Mal entrou em vigor, conforme publicado no Diário Oficial de 30/11, e tanto a caneta quanto a cabeça do Prefeito de São Paulo, Ricardo Nunes, devem estar latejando ou estão dilatadas pela chuva de protestos e reclamações.

O motivo está na permissão que a prefeitura está dando a dois assuntos que, aparentemente, não têm conexão estreita em seus conteúdos: a regulamentação das ‘dark kitchens’ (ou cozinhas escuras, negras, em tradução livre) e a autorização para a elevação do som em shows e eventos.

A rapidez dos trâmites é inacreditável, visto que geralmente, a morosidade é a palavra mais adequada em relação à elaboração e publicação de leis vindas do Poder Público.

Celeridade anormal

Entre a aprovação na Câmara e a sanção efetuada pelo Prefeito paulistano, o prazo foi de apenas 24 horas.

O mais incrível é que o teor está viciado, pois dentro do jargão das leis e normas, foi incluído um assunto ‘jabuti’. Isto é: uma parte utilizada dentro de uma lei que não tem nenhuma relação com o projeto original.

Em maio, Nunes enviou uma proposta para regulamentar o funcionamento de estabelecimentos. Ora, quando se trata de estabelecimentos, pensa-se que a matéria versa sobre as ‘dark kitchens’.

Portanto, o ‘jabuti’ estaria na mudança para a tolerância de barulho em eventos realizados na cidade de São Paulo.
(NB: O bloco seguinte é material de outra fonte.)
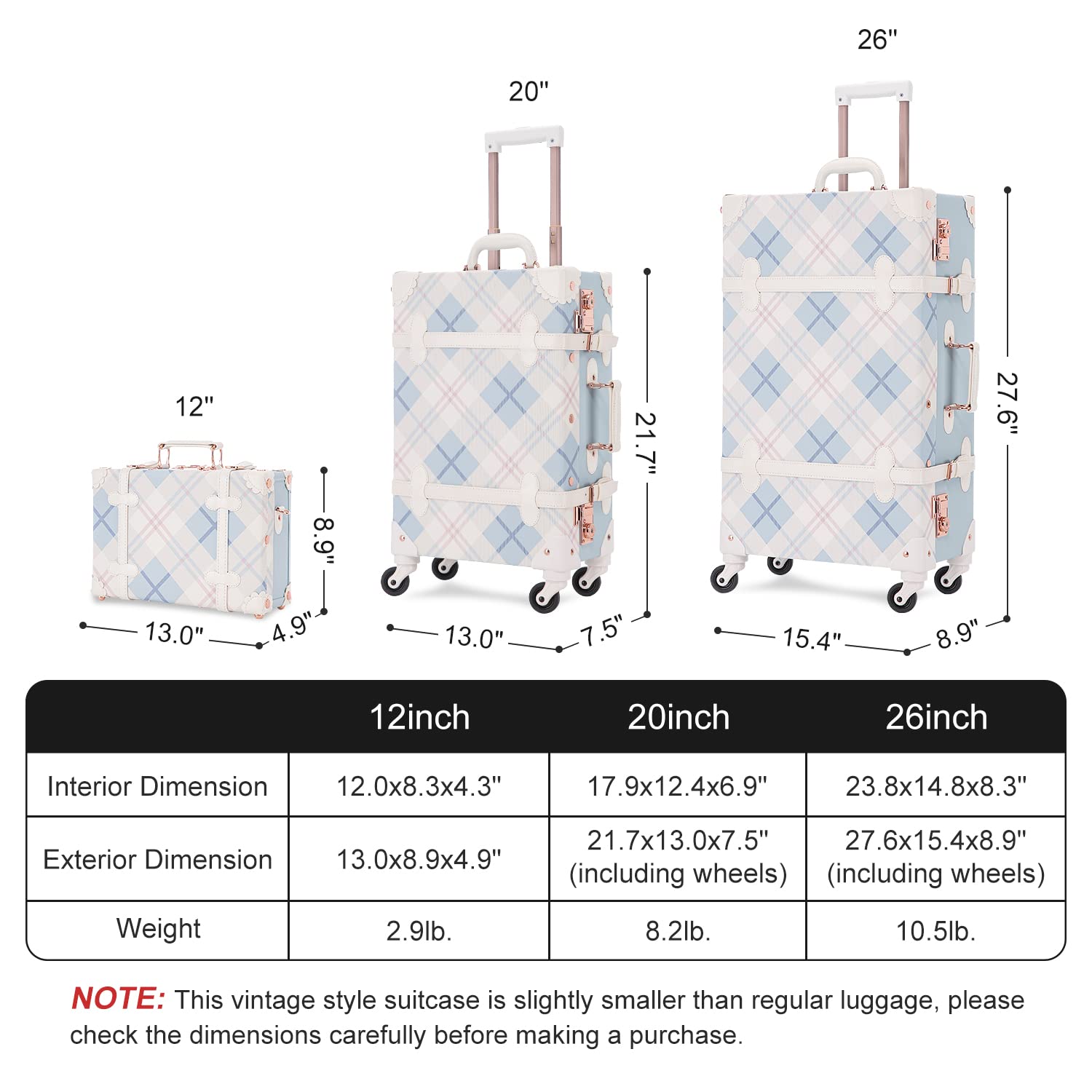 Vintage 3 Piece Suitcase Set - 26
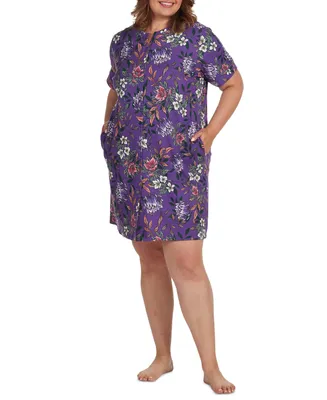 Miss Elaine Plus Size Floral Short-Sleeve Gripper Robe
Ainda sobre o barulhão, as empresas que trabalham com sonorização e afins têm um prazo de 90 dias – a partir da publicação no Diário Oficial – para se adequarem à nova lei.
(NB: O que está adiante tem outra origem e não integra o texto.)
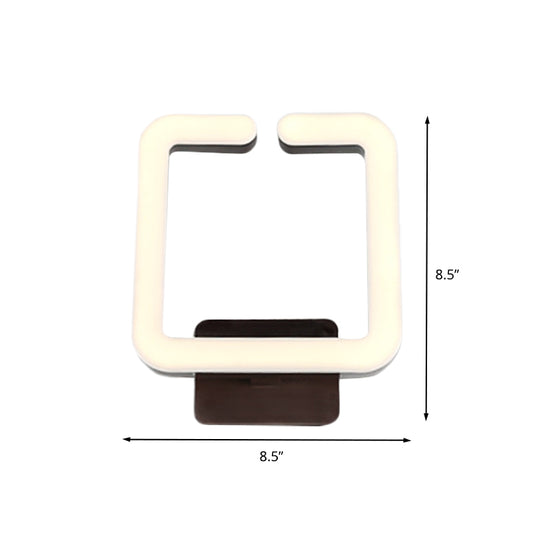 Square Aluminum Wall Mounted Light Modern LED Coffee Wall Lamp Sconce in Warm/White/Natural Light Clearhalo 'Cast Iron' 'Glass' 'Industrial' 'Modern wall lights' 'Modern' 'Tiffany' 'Traditional wall lights' 'Wall Lamps & Sconces' 'Wall Lights' Lighting' 732007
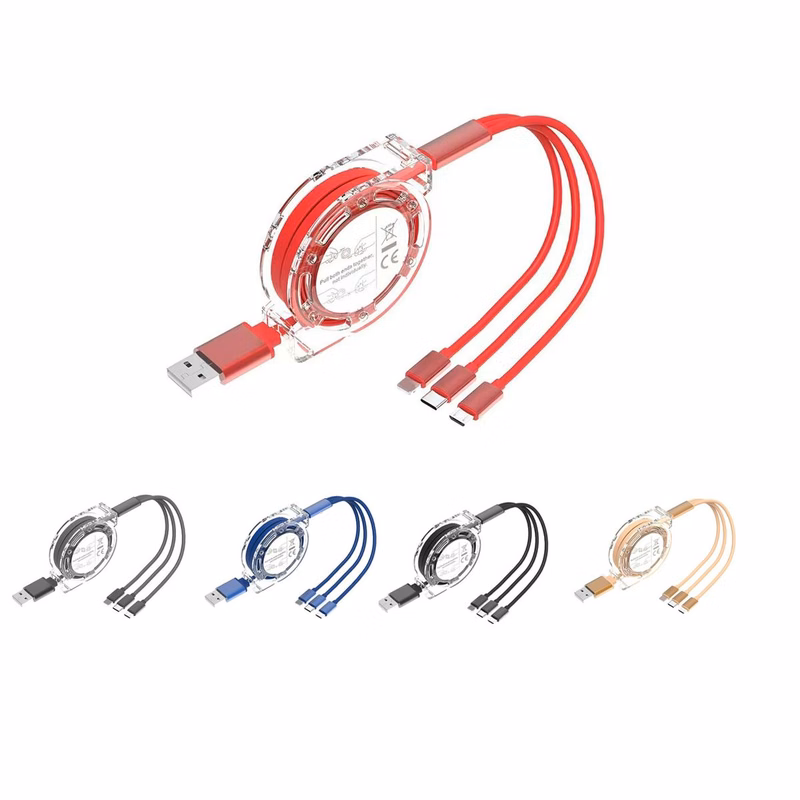 Retractable Three-in-One Charging Cable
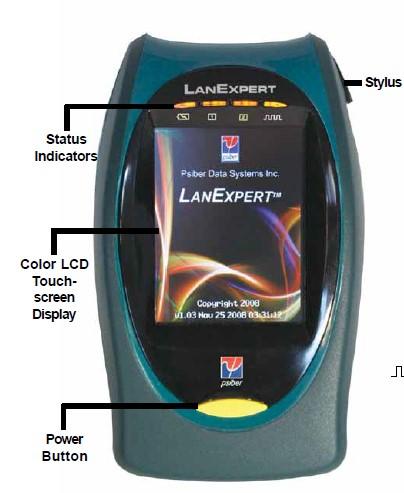 Przegląd LANEXPERT Wskaźniki Stanu Kolorowy Wyświetlacz Dotykowy LCD Przycisk Zasilania Podłączenia LAN Rysik Wskaźniki Stanu Zasilanie pokazuje poziom naładowania baterii i stan podłączenia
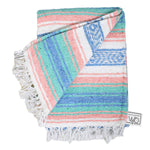 Mint Blue and Coral Peach Mexican Falsa Blanket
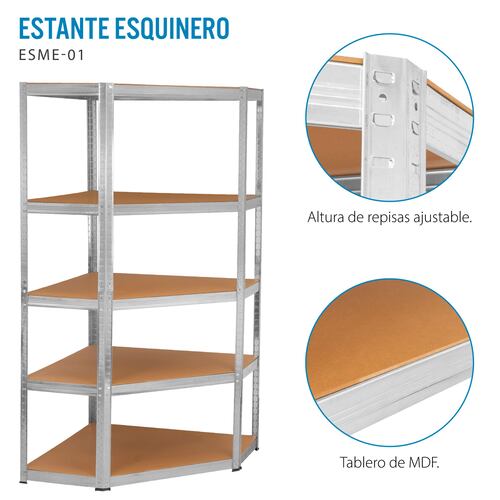 Estante Metalico Esquinero Anaquel Organizador de 5 Niveles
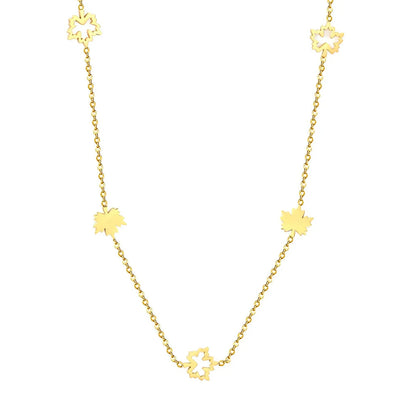 Tresoli Stainless Steel Gold Color PVD Hollow Maple Leaf And Polished Maple Leaf Charm Necklace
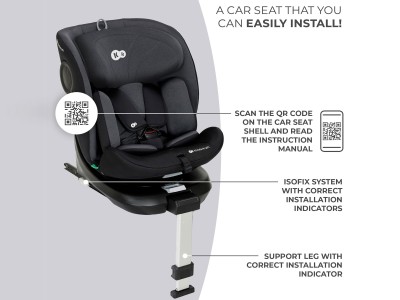 Kinderkraft I-360 rotational i-Size Car Seat - Black | Baby Snooze
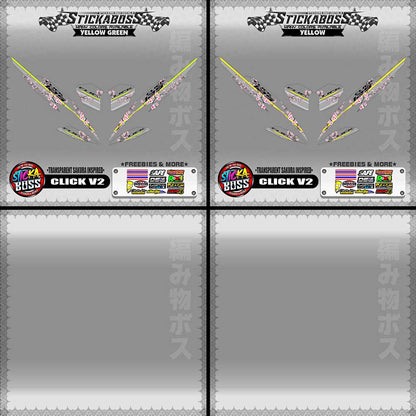 【PREMIUM UV PRINT】TRANSPARENT CLICK 125 / 150 V2 DECALS ( SAKURA INSPIRED )【WITH FREEBIES】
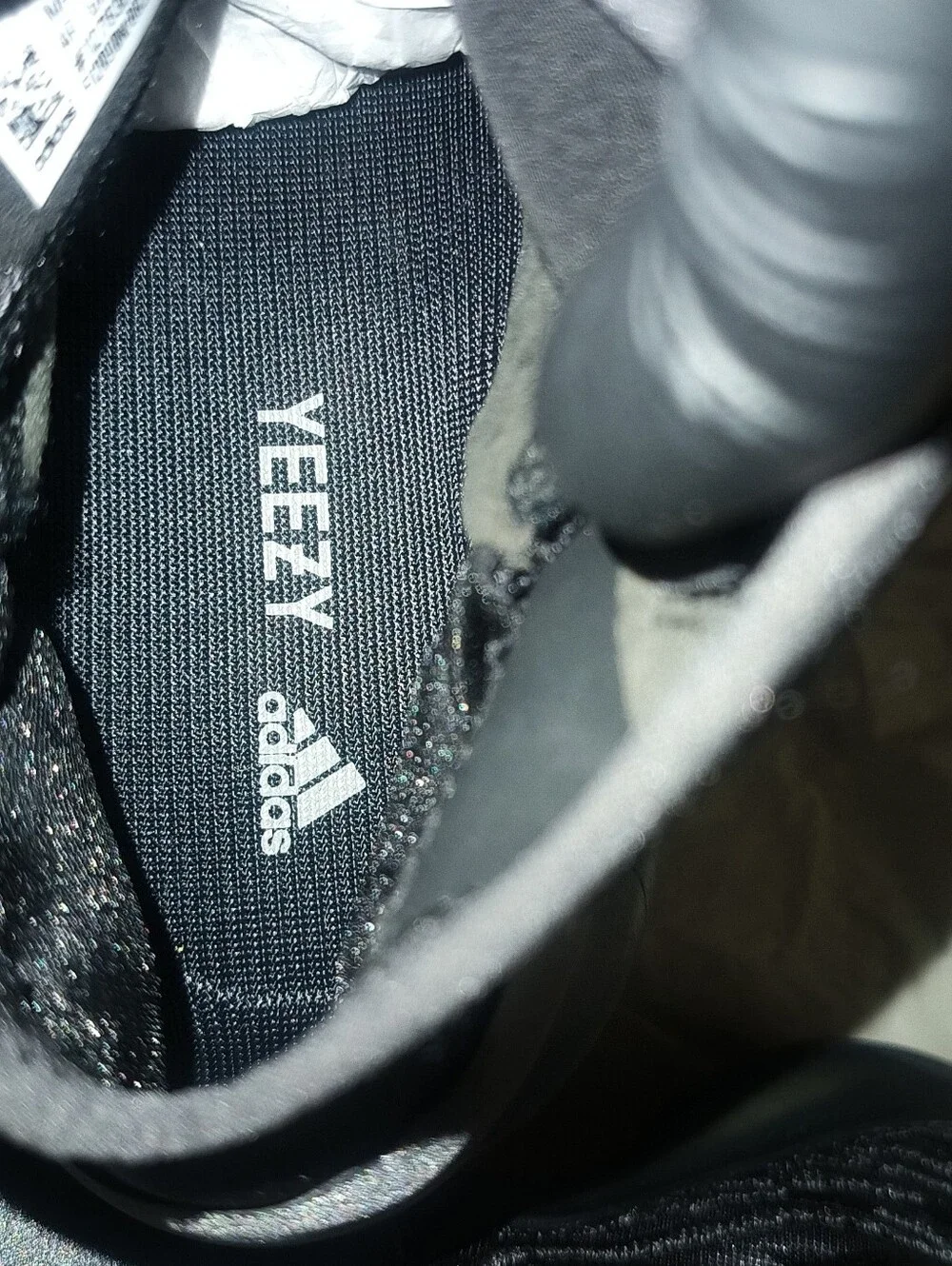 Adidas Yeezy QNTM Onyx Size 5M Black and Silver Slip-On Knit Sneakers Brand New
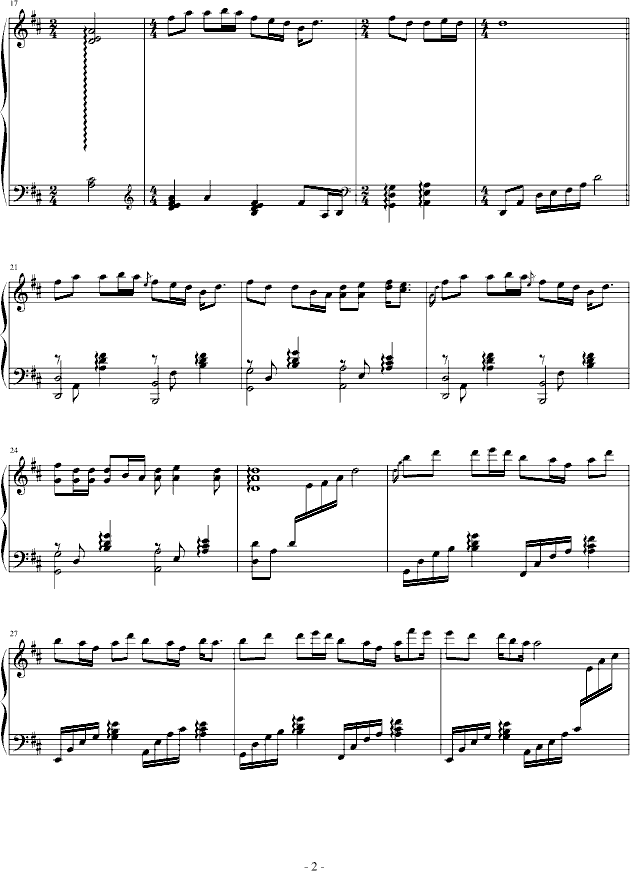 蝴蝶泉边钢琴曲谱（图2）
Na votação final, 38 vereadores da Câmara Municipal decidiram favoravelmente. Outros 11 parlamentares votaram contra a lei. Houve uma abstenção.

Indo por partes

As reclamações relacionadas às ‘dark kitchens’ vêm de vizinhos que se incomodam com a poluição atmosférica e com o som gerado pelos exaustores. Basicamente, elas funcionam à noite ou de madrugada.

De acordo com a nova lei, cada cozinha precisa ter o espaço mínimo de 12 metros quadrados. Os espaços – os quais abrigam mais de uma ‘dark kitchen’ – deverão oferecer infraestrutura para os entregadores de refeição, como banheiros e água. Esse último ponto vai de encontro com a polêmica de reservar vagas na via pública, utilizadas como estacionamento, para o transporte de mercadorias e refeições.

Ademais, o texto dividiu esse tipo de estabelecimento pelo limite de 500 metros quadrados. As cozinhas industriais instaladas abaixo desse patamar poderão atuar em áreas residenciais. Já as que se situam acima desse limite são as mais preocupantes, pois geram consequências ambientais e sociais.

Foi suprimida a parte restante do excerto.